NuVista Energy to Supply Trafigura with Natural Gas in 13-Year Deal
(Reuters) — Commodity trading house Trafigura has signed a long-term natural gas offtake agreement with NuVista Energy, giving the mid-size Canadian producer exposure to international liquefied natural gas (LNG) market pricing, the companies said on Friday.
NuVista will supply 21,000 metric million British thermal units per day (MMbtu/d) of natural gas to Trafigura with the purchase price indexed to the Japan Korea Marker (JKM) for a period of up to 13 years beginning Jan. 1, 2027.
The JKM is the LNG benchmark price assessment for spot physical cargoes in Asia and the deal opens up access to global LNG markets for Calgary, Alberta-based NuVista at a time when Canadian gas prices are struggling.
"For over a decade of growth, we have prioritized ensuring significant diversity in our North American natural gas sales locations to maximize returns on our condensate-rich natural gas," NuVista CEO Jonathan Wright said in a statement.
"We are extremely pleased to now make our first entry to the world LNG markets."
NuVista produces around 83,000 barrels of oil equivalent per day (boepd) from Canada's Montney region, one of North America's top shale plays.
The deal with Trafigura continues a recent trend of Montney producers signing deals to increase exposure to LNG markets.
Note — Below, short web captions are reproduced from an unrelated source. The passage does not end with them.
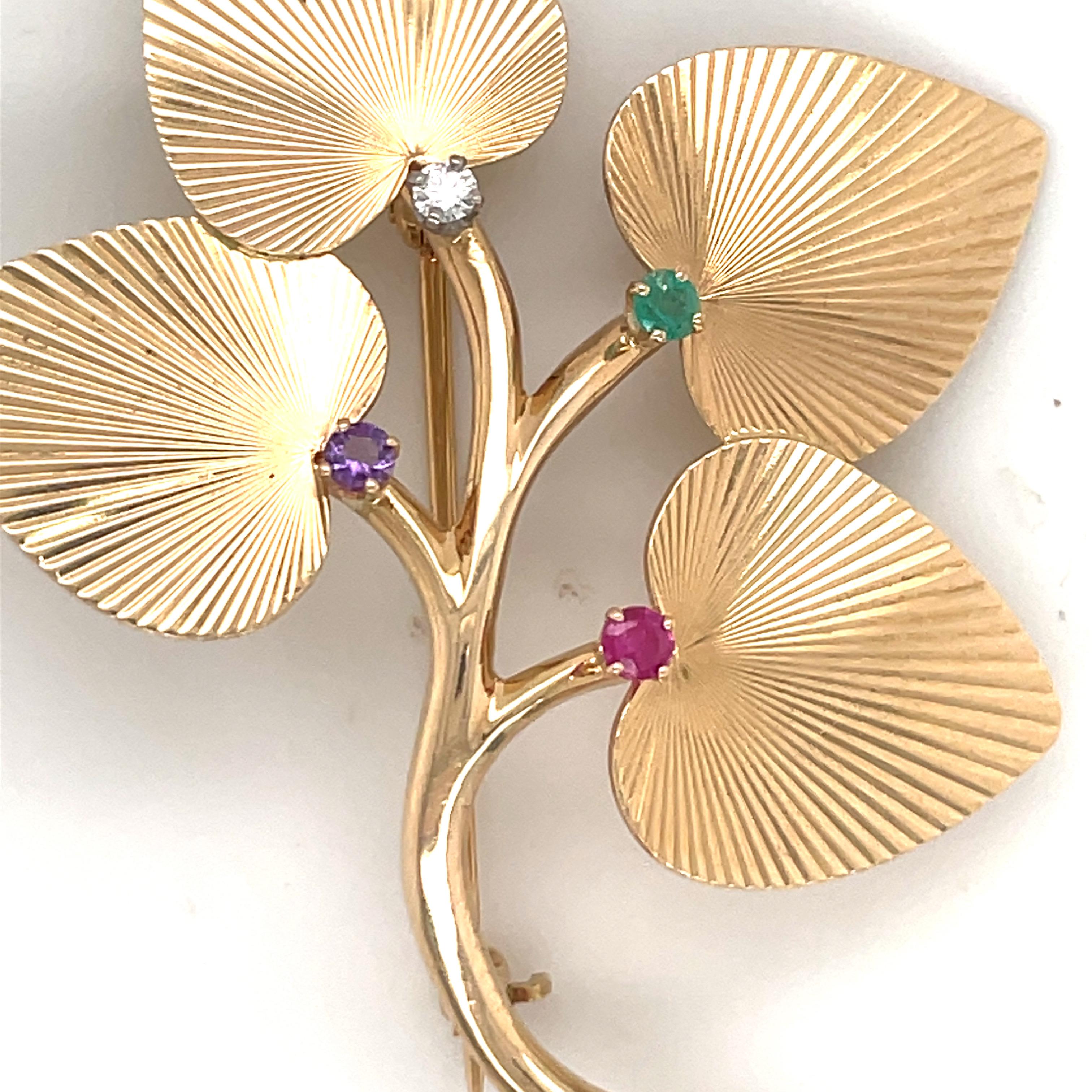 Estampillée Tiffany & Co, cette broche florale ornée d'un diamant, d'une émeraude, d'un rubis et d'une améthyste est réalisée en or jaune 14 carats.
Boucles d'oreilles assorties. 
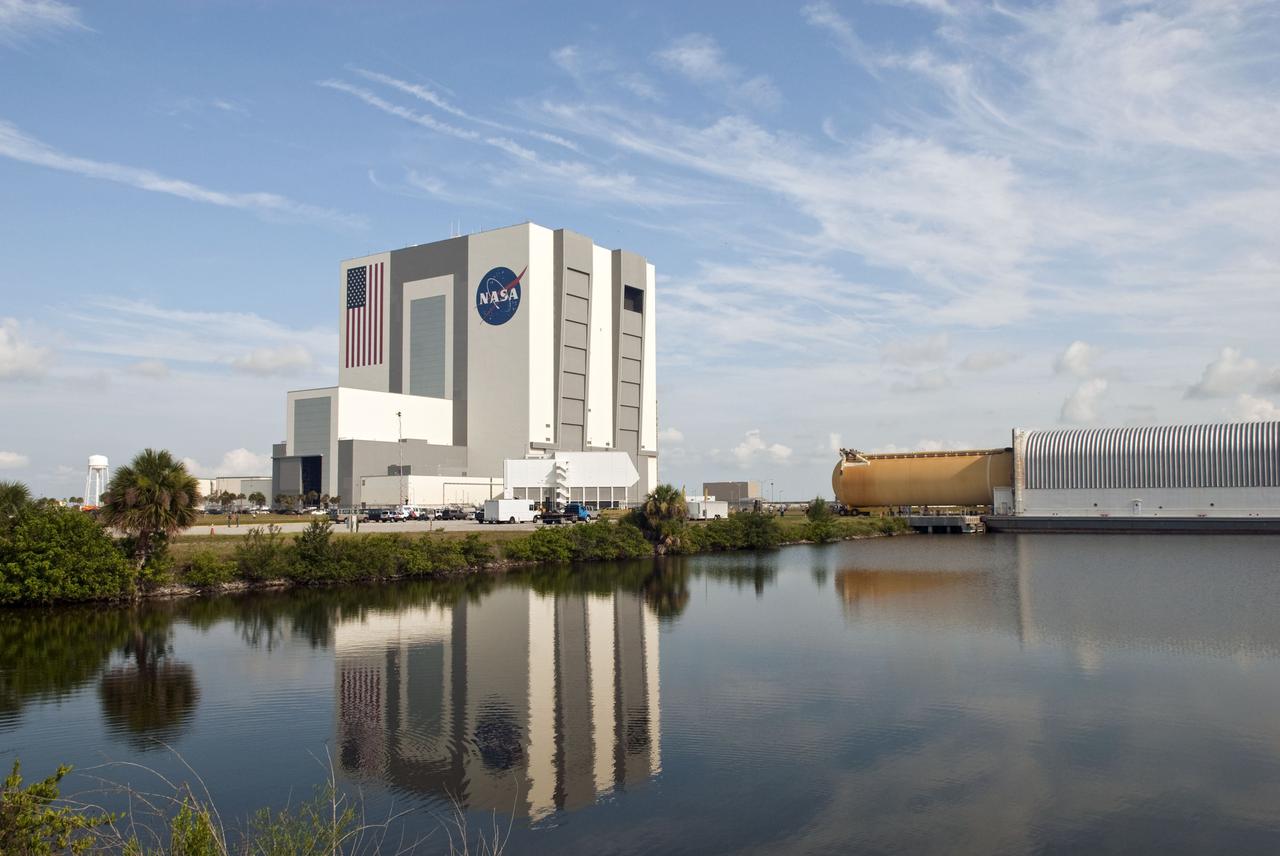 CAPE CANAVERAL, Fla. -- Viewed from across the turn basin in the Launch Complex 39 area at NASA's Kennedy Space Center in Florida, External Tank-138 is being offloaded from the Pegasus barge near the Vehicle Assembly Building. The external fuel tank arrived in Florida on July 13, from NASA's Michoud Assembly Facility near New Orleans. ET-138, the last newly manufactured tank, was originally designated to fly on Endeavour's STS-134 mission to the International Space Station, but later reassigned to fly on space shuttle Atlantis' final mission, STS-135. For information, visit www.nasa.gov_shuttle. Photo credit: NASA_Jim Grossmann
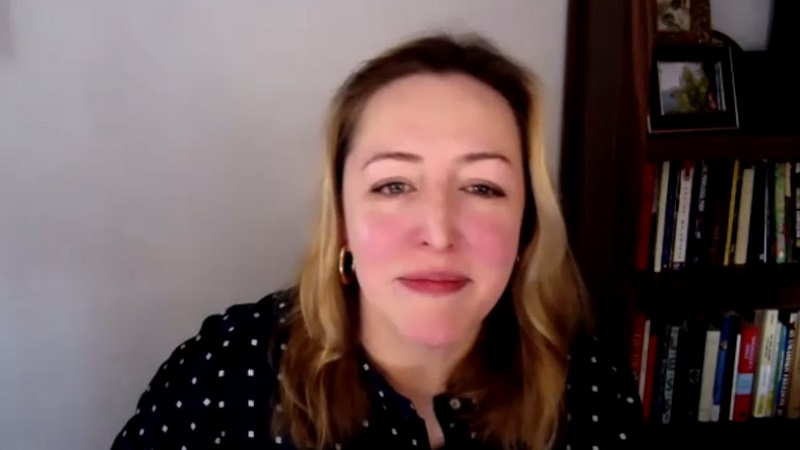 Staff member at Mac Day event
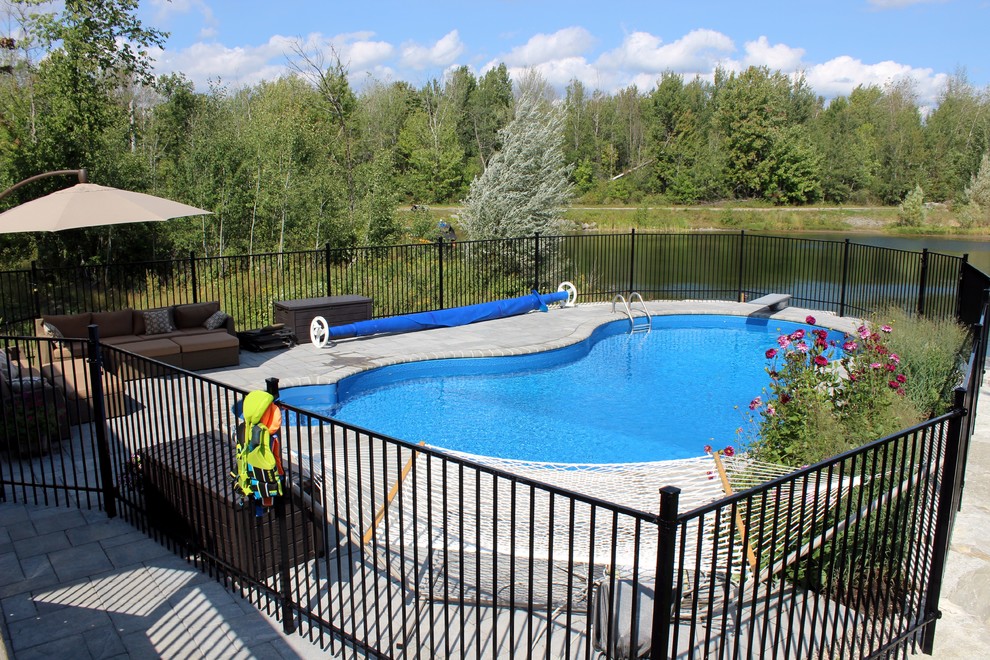 Ejemplo de piscina con fuente alargada marinera grande en patio trasero con suelo de hormigón estampado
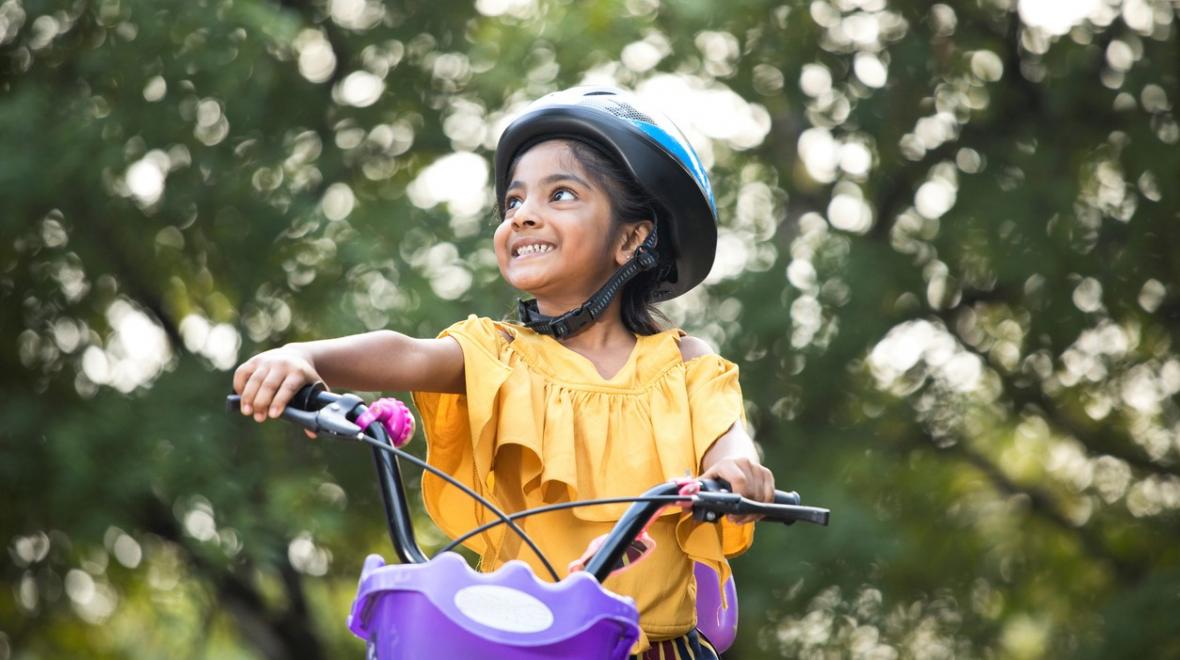 Cute girl about age 8 in yellow dress on bike with purple basket best spring break activities for seattle families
Canada does not yet have any LNG export terminals, although the Shell-led LNG Canada project is due to start operating next year and two other smaller terminals are under construction.
Trafigura also signed a seven-year offtake agreement with Canada's largest natural gas firm Tourmaline Oil Corp. in January, while producer ARC Resources entered into a supply agreement with LNG company Cheniere Energy last year.